Writingsコラム

手書きノートの効用

学生時代はノートに手書きするのが基本でしたが、社会人になってノートを使わなくなってしまった人は多いのではないでしょうか。ノートは勉強に使うだけなんて、思い込んでいませんか? 勉強から少し離れた使い方をご紹介します。

紙に筆記用具を使って文字やイラストを書くということは、案外複雑な動作です。キーボード入力や画面をタッチする動作よりも、紙や筆記具に触れる感触や、手を動かす方が脳に直接的な刺激を与えてくれるため、新しいアイディアが生まれやすいと言われています。

用件が済んだら捨ててしまうメモとは違い、ノートに書くことは、後に見返すことが可能になります。書いた文字の大きさや濃淡なども、自分の感情や関心の高さを示す材料となってくれます。

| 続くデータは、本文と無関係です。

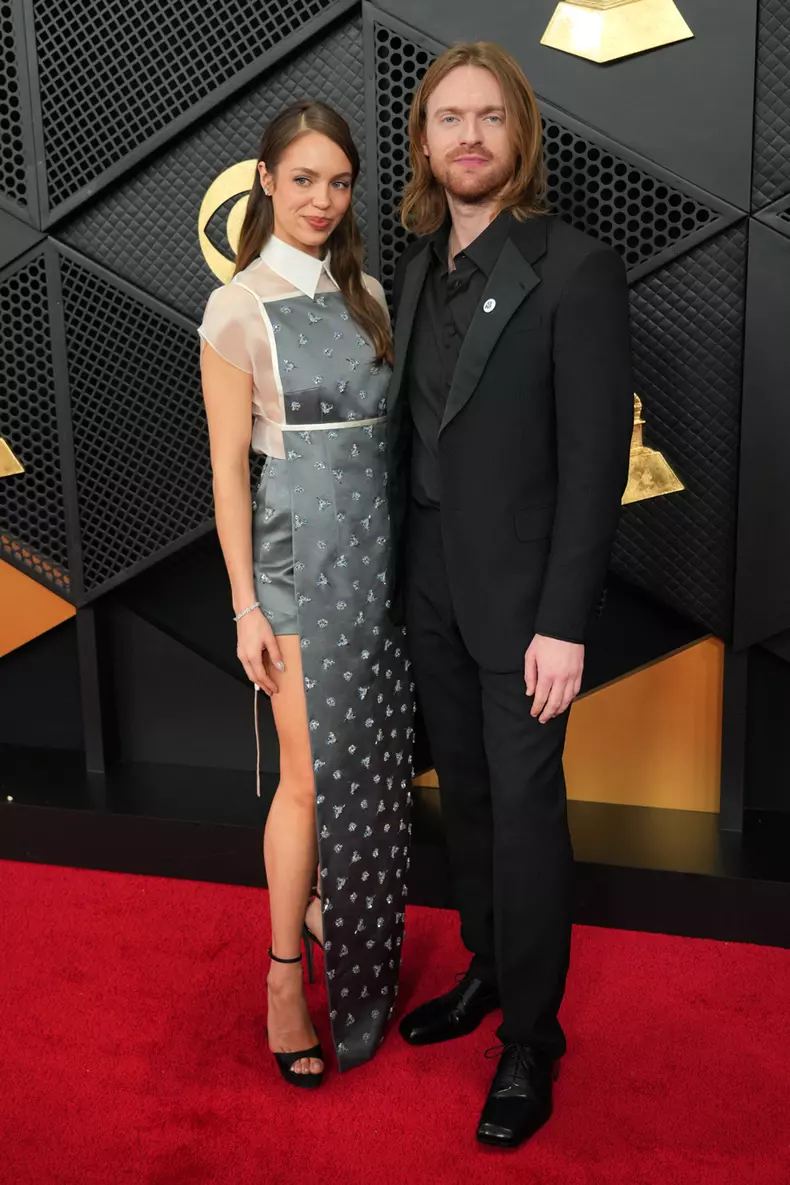 Claudia Sulewski &  FINNEAS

ノートは目標達成に役立ちます。現在、MLBのロサンゼルス・エンゼルスで活躍している大谷翔平選手は、高校時代にノートを活用していました。ノートの中央に「8球団からドラフト1位を獲得する」という最終目標を設定し、これを実現していく手段を確立するために、周囲に細かく実現のための手段を書き込んでいきました。仏教画の曼陀羅(まんだら)に似ていることから「マンダラノート」と呼ばれています。

問題点の洗い出しと改善を目指すためにノートを使う方法もあります。その際、見開きのノートを二分割して、左に問題点、右にあるべき姿を書き出し、間のスペースに改善していく手段を考えていきます。書く場所にとらわれず、思いつきを順次書き出していくのがポイントです。一枚の図を俯瞰して見ていくと、思考が整理され、問題の軸が見えてきます。問題を細分化して解決を探るという手法で、「マンダラノート」に共通するものがあるかもしれません。

会議のときに使ってみたいのが、トピックスの下に関連項目をどんどん連ねて、書き込んでいくピラミッド型メモです。これも思考整理につながる手法で、話題が盛り上がらなかった、話者が準備不足だった場合は、その分、空白が多くなりますから、問題の洗い出しにも適しているようです。

ノートはさほど高価なものではありません。文具売り場をのぞいてみると、素敵なデザインのノートもたくさん置いてありますから、試してみてはいかがでしょうか。